Well, based on initial reports, it seems that they really do.
A recent article by Jeff Mezydlo in The News-Gazette about slow play in the Champaing-Urbana area of Illinois quoted Jerry Williams, head pro at Tuscola’s Ironhorse Golf Course. Ironhorse rents Laser Link Quickshot range finders to golfers for a small fee. With these, players can nail down precise yardages to the small laser-reflectors attached to all the course’s flagsticks.
“It’s been truly amazing,” Williams was quoted as saying. “Just point, click, and read the yardage from anywhere up to about 275 yards away.”
Williams stresses that unlike a GPS system integrated into a golf cart, walkers can use the Laser Link system, too.
The biggest benefit, I would imagine, is for players who spend a lot of time in the rough (um, like me), where sprinkler heads and yardage markers are not available. When playing from odd angles, even judging yardage is tricky and time-consuming.
This said, I have always prided myself on being able to estimate yardage quickly and pretty accurately. So I took my Laser Link out into my yard and set the laser reflector that the company also sent me on top of my fence. Then I wandered away, turned, and estimated, “a hair over 30 yards.”

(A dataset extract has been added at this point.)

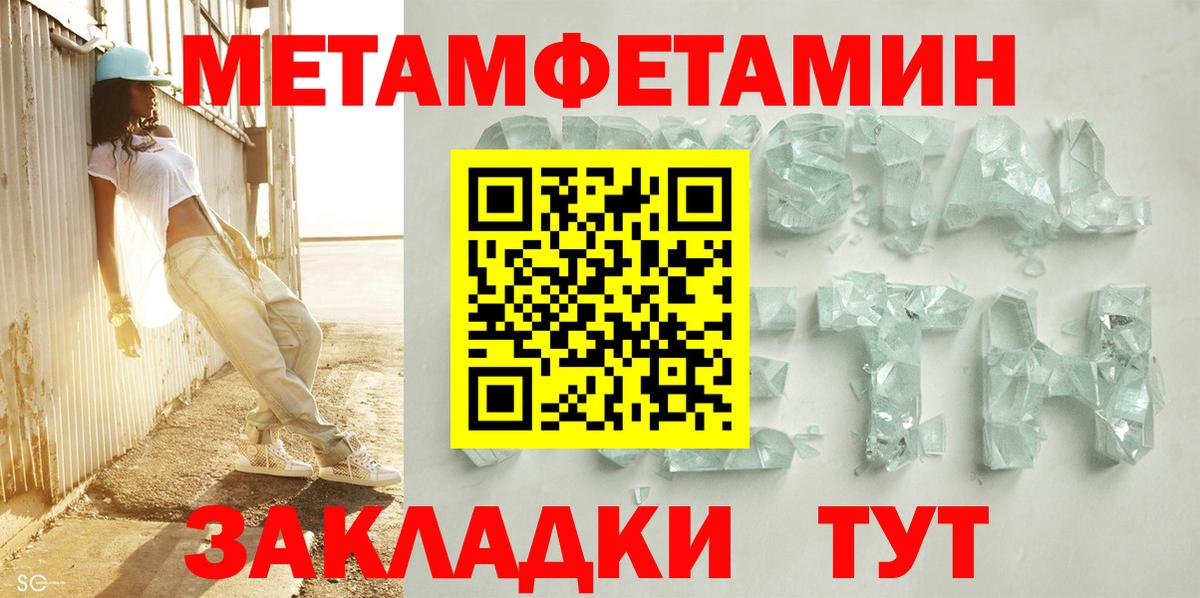 Amphetamine  Норильск  АМФ Premium  Амфетамин 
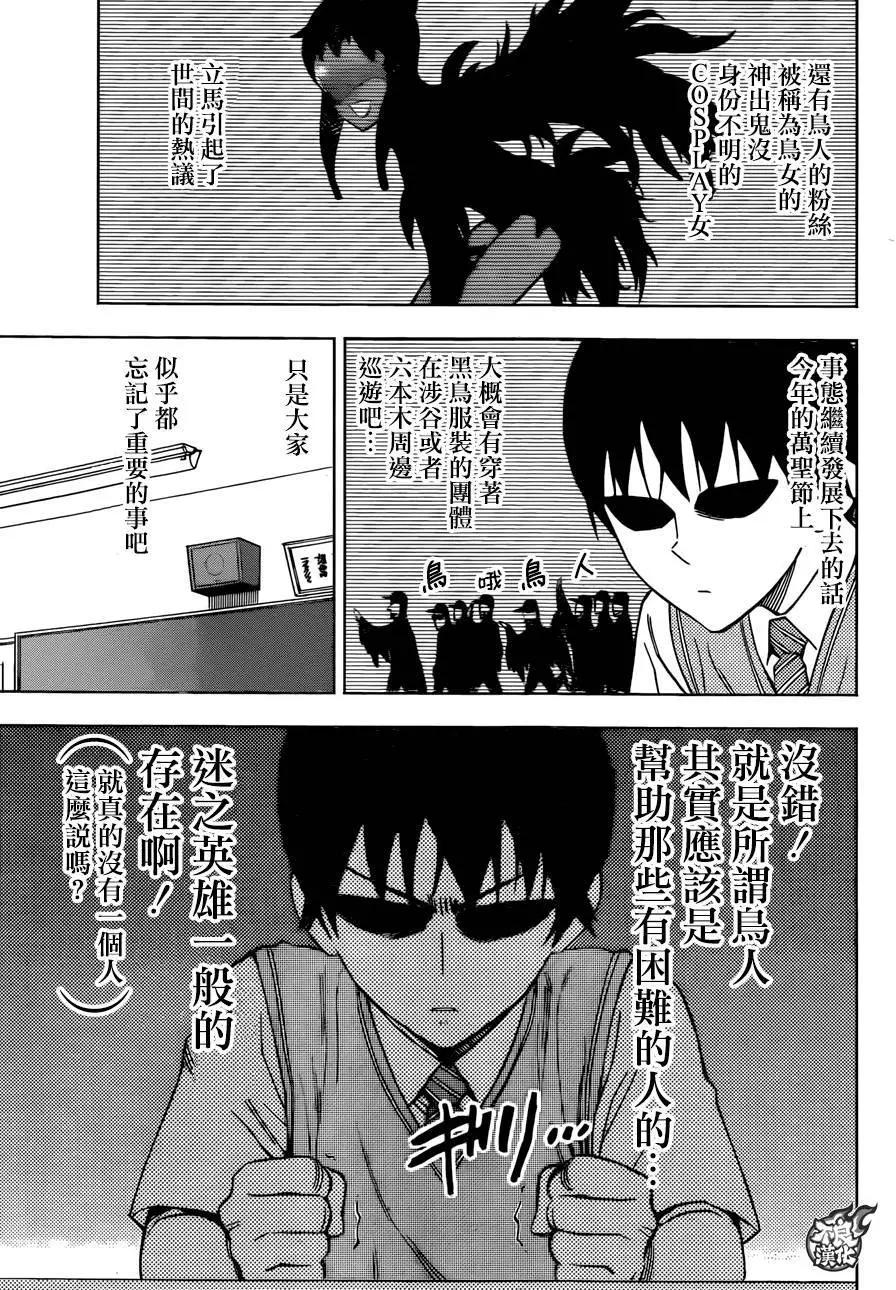 第26回12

Point, click, and viola – 32 yards. (Some people have hair two-yards long.)
So then I paced off another estimated six yards and fired again: 40 yards.
So, I was indeed in the neighborhood, but the Laser Link delivered me right to the front door.
I don’t know if I would invest in one of these devices (MSRP $279), given that still relatively few courses are equipped with the “SmartSticks” outfitted with the laser reflectors. But if available, I would rent one from a course like Ironhorse, especially if it were my first time to play there. Why spend $50 or $100 for a round of golf and then ruin the experience mis-clubbing yourself?
The speed and ease of operation are truly remarkable, which allays my main doubt about the technology. It is quite clear that in the vast majority of cases, these range finders will speed up play.